宝塚は6月後半の「ロミジュリ」まで予定がなく、やや禁断症状を覚えてきている昨今ですが、25日に兵庫芸術文化センター・阪急中ホールで真野響子×眞野あずさの「完全姉妹」を観てきました。

ヨメさんは名の知れた姉妹の二人芝居ということと、なにより3,000円という破格の価格設定に目がくらんだ(笑)らしく、いつものように私の意向など無視して(諦)、チケット購入手続きを済ませていました。

といっても、私もなにしろ(往年の)美人姉妹の舞台ということで、観たいが半分でも値段が値段なので期待も半分といった感じで劇場に向かいました。(笑)

正午に劇場に到着、1時開演なのでそれまでに昼食をと、劇場内にあるカフェ(レストランへの通路にあります)でサンドイッチとアメリカンコーヒー(ヨメ)&カフェラッテ(私)を注文し、外のウッドデッキで食べました。
気温は高くなっていましたが、乾いた気持ちのいい風が眼下の欅の木立を吹き抜けてきて、快適でした。


でもこれで2,000円オーバー!の値段はいくらなんでも法外だと思いませんか?


内心ボラレ気分を感じながらも(笑)、腹ごしらえもできたので開場少し前に劇場の入り口に向かいました。
オープン時間まで小さい展示コーナーを観て過ごしました。


座席は阪急中ホールのO列とかなり後ろですが、全体にかなり傾斜がついているので見やすい席でした。ただし通路が変則的なステップ幅の階段なのでヨメさんは席にたどり着くまでに苦労していました。観客の年齢層は高めでした。

脚本は中津留章仁。
配役は、大橋樹(姉) 大橋雅(妹)

舞台上のセットは、主演2人が着替えている間に、3人の引っ越し作業員風の男がセットを片付けることで転換します。

大まかな話は以下の通り。(公演関係PDFから引用)

夫に先立たれた姉と、結婚出来ない妹。姉妹仲はすこぶる良い。
姉の夫は経営者だった。結婚したとき、夫はすでに具合が悪かった。
姉は夫の親族から、夫の財産目当ての結婚だと思われ、疎まれていた。
妹は結婚をしなかった。一生一人の男を愛するなんて出来ない。
それが彼女の結婚出来ない原因だ。
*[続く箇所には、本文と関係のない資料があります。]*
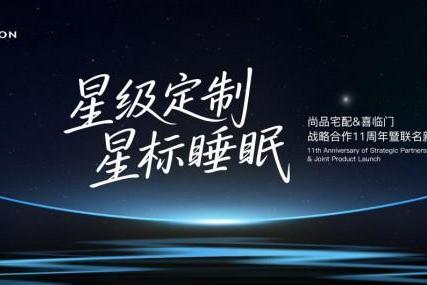 尚品宅配携手喜临门发布联名新品，完善“全屋星级定制”场景生态 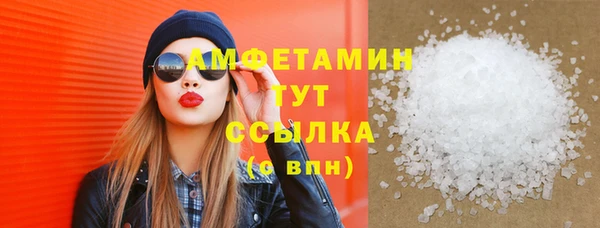 ешки Магас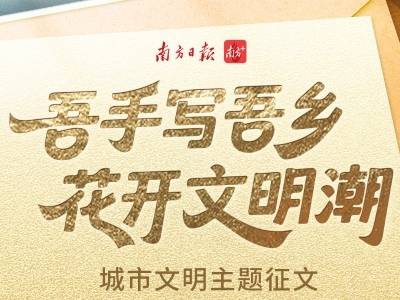 “吾手写吾乡 花开文明潮”主题征文准备颁奖啦，还有朗读音乐会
妹は姉の夫と不倫していた。
姉のものがどうしても欲しくなる性分だ。
二人の姉妹は、同時に一人の男性を愛した……。
姉妹であり、恋敵であり、親友でもある二人は、その前に、
わたしではないひとりの“女”であることに、
そろそろ気づきはじめた……。


少し遅れて幕が上がると、舞台上には一組の長椅子とテーブル+別に2脚の椅子とテーブルが置かれ、部屋のブルーの壁には絵の入っていない額縁だけが飾られています。
話は、妹が掃除しているところに姉が帰宅、妹の買ってきたワインを二人で飲みながら語りだすところから始まりました。

始まってすぐ気付いたのは、姉の台詞は普通に聞き取れるが、妹のほうはほとんど聞き取れないということです。

この違いは、帰宅後この資料を読んでよくわかりました。
お姉さんは大学の演劇科を卒業後、劇団民藝に入団しているのですね。それで舞台演技の基礎ができているのだと思います。

でも、妹さんは大学在学中よりCMモデルを務め、卒業後TBSのドラマ「風の鳴る国境」で女優としてデビュー。舞台の本格的なトレーニングは受けていないようです。
その差は明白で、今回の舞台でもドラマの演技のように早口かつ抑揚の小さい台詞なのでかなり聞き辛かったです。だんだん調子が出てきたのか、後半はそれほどでもなかったのですが。
この辺りは新歌舞伎座で観た「しゃばけ」の一太郎役・沢村一樹と共通する感じです。

そしてなにより脚本が眠いです。これがすべて。

聞き取れない台詞をなんとか理解しようとしても、なにしろ山も谷もないに等しい話です。
その話を、台詞回しは違っても、声の質の似た二人が演じると、二人芝居というより1人の中年女のとりとめもない繰り言みたいに聞こえてきて(殴)、睡魔が鎌首をもたげ始めます。

でも途中から、その単調な日常会話が一転します。
携帯メールから、2人が同じ男を取り合っていることがわかって、いよいよこれから修羅場が始まって、夥しい罵詈雑言の応酬という展開になるのかと期待したのですが(笑)、これが大したことがなく不発に終わりました。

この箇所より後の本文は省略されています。